Abstract:
In a frequency hopped radio communication system wherein a control signal and a speech signal are transmitted together and the speech signal is transmitted via a predetermined set of frequency bands, method and apparatus are provided for converting the control signal into a corresponding RF control signal having a frequency spectrum lying in frequency bands separate from the predetermined set of bands. The frequency bands for the RF control signal may be between the predetermined set of frequency bands for the speech signal and may particularly be within guard bands established between the set of frequency bands for the speech signal.

Description:
BACKGROUND OF THE INVENTION 
     This invention relates to a method and a system for radio communication, for example, radio communication between a base station and mobile stations. 
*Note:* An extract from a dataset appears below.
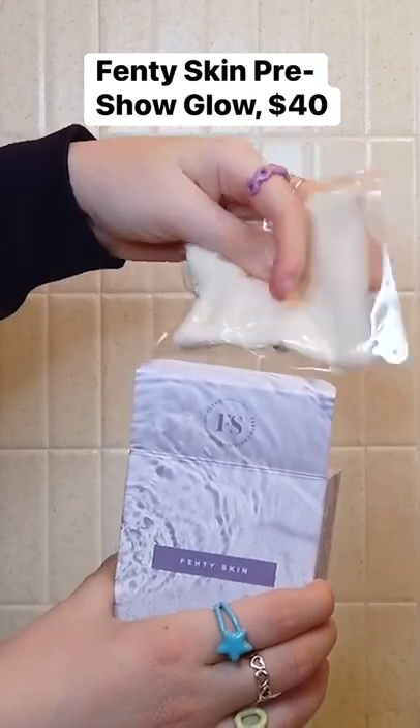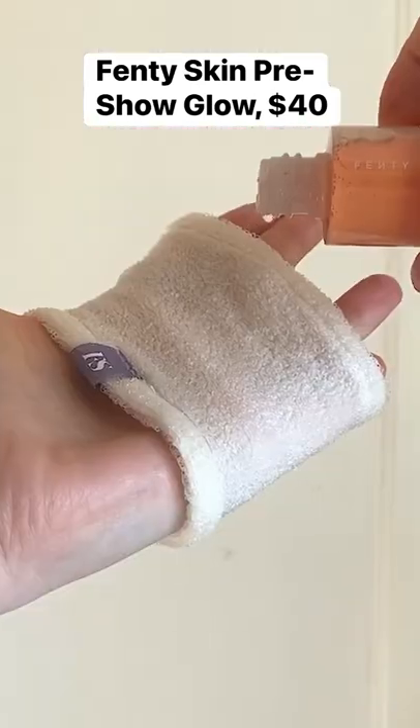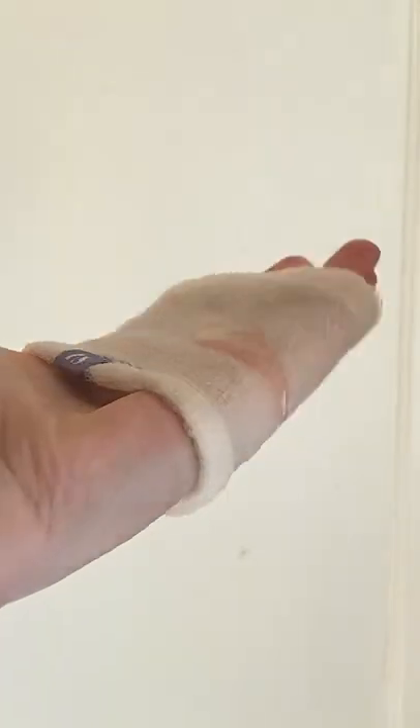Today I am trying the Fenty Skin Pre-Show Glow. It claims to gently remove dead skin cells, retexturize, and brighten skin.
     In a known MCA (multi channel access) system for radio communication between a base station and mobile stations, one of separated radio channels is prechosen as a control channel and the others are used as speech channels. The control channel is used for transmitting various non-speech signals such as an originating call signal, a terminating call signal, and control signals of circuit assignment and billing information. The control channel and the speech channels are separated by guard bands to prevent interferences between the adjacent channels. In this known system, when the control channel is exposed to a disturbance or jamming, it tends to be difficult to maintain desired signal transmision via the control channel. Further, in this known system, the guard bands between the control channel and the speech channels are unused. 
     SUMMARY OF THE INVENTION 
     It is an object of this invention to provide an improved method of radio communication. 
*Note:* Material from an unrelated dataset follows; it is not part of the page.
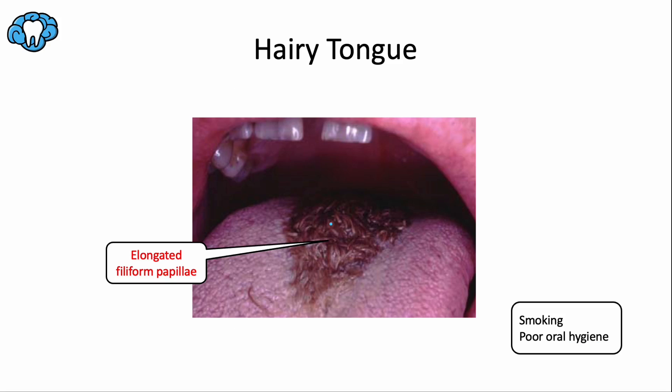Hairy tongue happens when the filiform papillae grow too long and don't shed their keratin layer properly — the opposite of median rhomboid glossitis, which involved atrophy; hairy tongue involves hypertrophy of the filiform papillae. Food, drinks, tobacco, bacteria, fungi, and other substances get trapped on the papillae and stain them, making the tongue dorsum look hairy with a brown-black discoloration. Smoking and poor oral hygiene are the main contributing factors.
     It is another object of this invention to provide an improved system for radio communication. 
     According to a first aspect of this invention, in radio communication wherein a pair of a control signal and a speech signal is transmitted, a method comprises the steps of converting the control signal into a corresponding RF control signal having a frequency-hopping spread frequency spectrum of separated components lying in respective guard bands between predetermined speech channels; transmitting the RF control signal; converting the speech signal into a corresponding RF speech signal; and transmitting the RF speech signal via one of the speech channels. 
     According to a second aspect of this invention, in radio communication wherein a pair of a control signal and a speech signal is transmitted, a method comprises the steps of converting the control signal into a corresponding RF control signal having a spread frequency spectrum lying outside predetermined speech channels; transmitting the RF control signal; converting the speech signal into a corresponding RF speech signal; and transmitting the RF speech signal via one of the speech channels. 
     According to a third aspect of this invention, in radio communication wherein a pair of a control signal and a speech signal is transmitted, a system comprises means for converting the control signal into a corresponding RF control signal having a frequency spectrum of separated components lying in respective guard bands between predetermined speech channels; means for transmitting the RF control signal; means for converting the speech signal into a corresponding RF speech signal; and means for transmitting the RF speech signal via one of the speech channels. 
     According to a fourth aspect of this invention, in radio communication wherein a pair of a control signal and a speech signal is transmitted, a system comprises means for converting the control signal into a corresponding RF control signal having a spread frequency spectrum lying outside predetermined speech channels; means for transmitting the RF control signal; means for converting the speech signal into a corresponding RF speech signal; and means for transmitting the RF speech signal via one of the speech channels. 
    
    
     BRIEF DESCRIPTION OF THE DRAWINGS 
     FIG. 1 is a block diagram of a radio communication system according to an embodiment of this invention. 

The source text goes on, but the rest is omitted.